If there is one system that is most closely related to the triple climate crisis, it’s energy. Understanding the symbiosis between energy systems and the environmental world is critical. To be realistic, in order to reduce the carbon footprint in the coming years, before we reach the year of 2100, we must have climate adaptation and mitigation. The carbon footprint of one of the most extensive globalized industries (the energy sector) is yet to have a symbiotic progression between fossil fuels and renewable energy resources. The plans for fossil fuel investments of some of the biggest energy companies in the world are three times larger than they are for renewable energies. This means that it may be naive to expect tremendous progress or improvement in the control of the 1.5 °C goal. A more realistic number may be 2.5 ˚C or a number of scenarios between 1.5 and 2.5 ˚C. Another solution is to look into the systems that are interconnected and interdependent so that when one approaches the problem, they aren’t just approaching from an energy, food or socioeconomic point of view. For example, many countries in the global south have fossil fuel dependencies from oil to natural gas that are going to be present in their socioeconomic systems for 80–100 years. It is then likely that we must adapt policy and climate change mitigation strategies accordingly. To expect that carbon, oil and natural gas dependent countries are going to radically shift their natural resource base and industries quickly is innocent and can be ineffective in terms of approaching the problem. Instead, having a systematic approach to reality might be more effective and impactful.

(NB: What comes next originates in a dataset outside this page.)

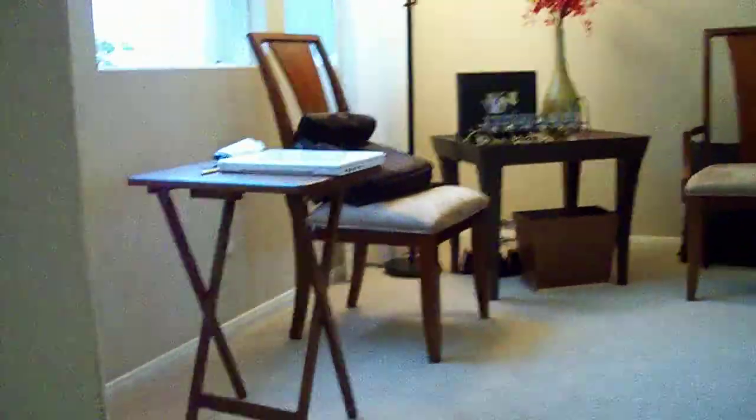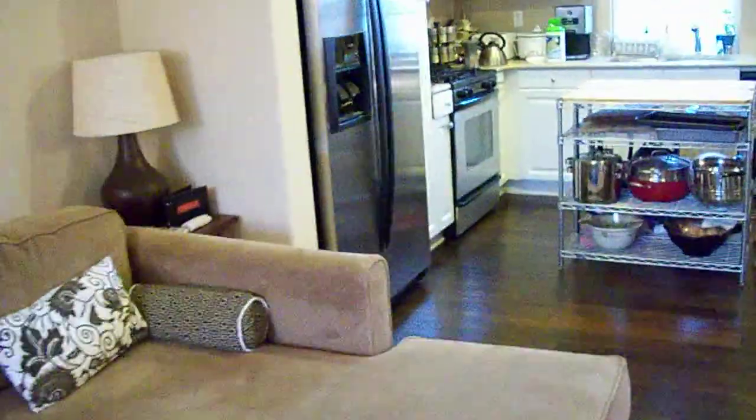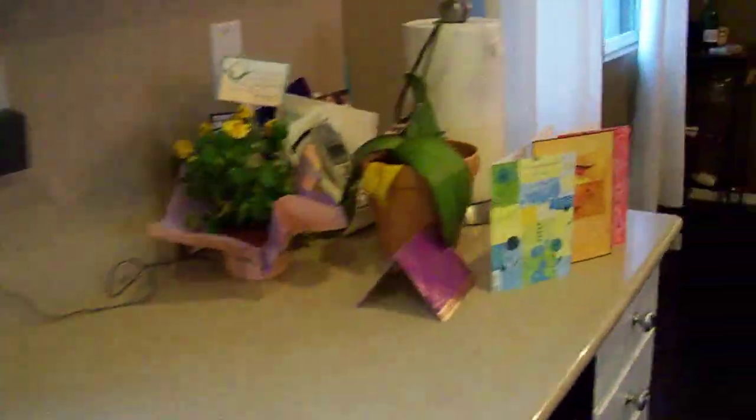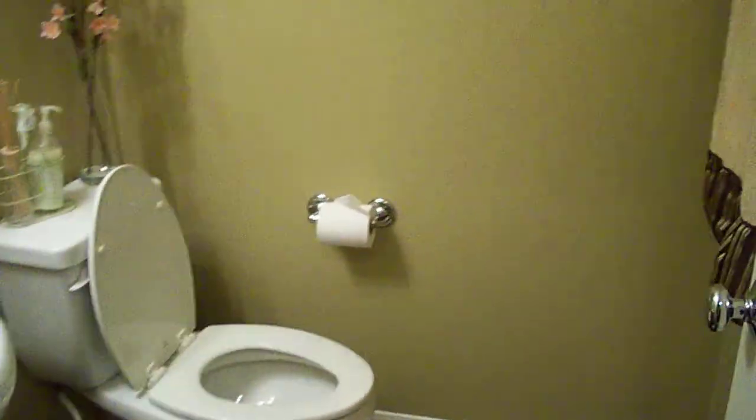And head to the living room and kitchen. Kitchen. And there's a guest bathroom.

What are your thoughts on the importance of taking a ‘partnership-driven’ approach to addressing the SDGs? How can these types of collaborations bridge different scales of policy?
I tend to look at the 17 SDGs as one goal: humanity. The difference between the SDG framework and its predecessor — the Millennium Development Goals (MDGs) — is the systems approach and interconnection across the different goals, as well as the acceptance of a transformational approach in which different member states can adopt the framework at different levels according to their priorities and needs. I believe that a common trait of the SDGs is the focus on people, places, and the planet. If we approach those three principles together, there’s also another piece that is critical, which is partnerships. Partnerships are the mechanism for making the goals possible. It would be impossible for an organization like UNEP to act with a normative approach on a global setting. To produce impact at the local level, if we do not partner across sectors with other agencies that are working on the ground at the local and sub-local level — such as the World Food Programme, UN Refugee Agency, Food and Agriculture Organization, Human Health Organization, and the UN Development Programme — then it would be completely impossible to deliver on the SDGs.

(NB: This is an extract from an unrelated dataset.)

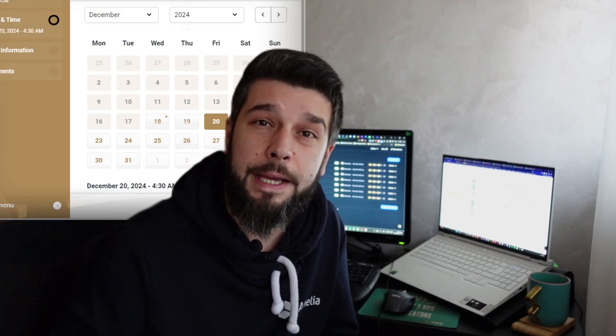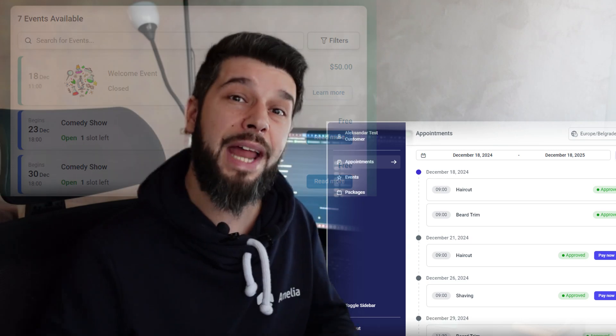The new forms are sleek, modern, and loaded with features and improvements that are not available in the old forms. So I encourage you to reconsider that decision and switch to the new forms as soon as possible.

Another way to look at it is in terms of upscaling: you can never upscale the impact of any action if you do not have partnerships. We must always think that the private sector is better positioned to work together in partnership with the UN because they can do things that we are not able to do on the ground — for instance, they have access to different kinds of technologies and modalities of funding. The same goes for universities and technology centers that are fundamental as centers of excellence to take action on the ground level. Overall, it’s not only partnerships at the local, regional, and global level that are important, but intersectoral partnerships as well.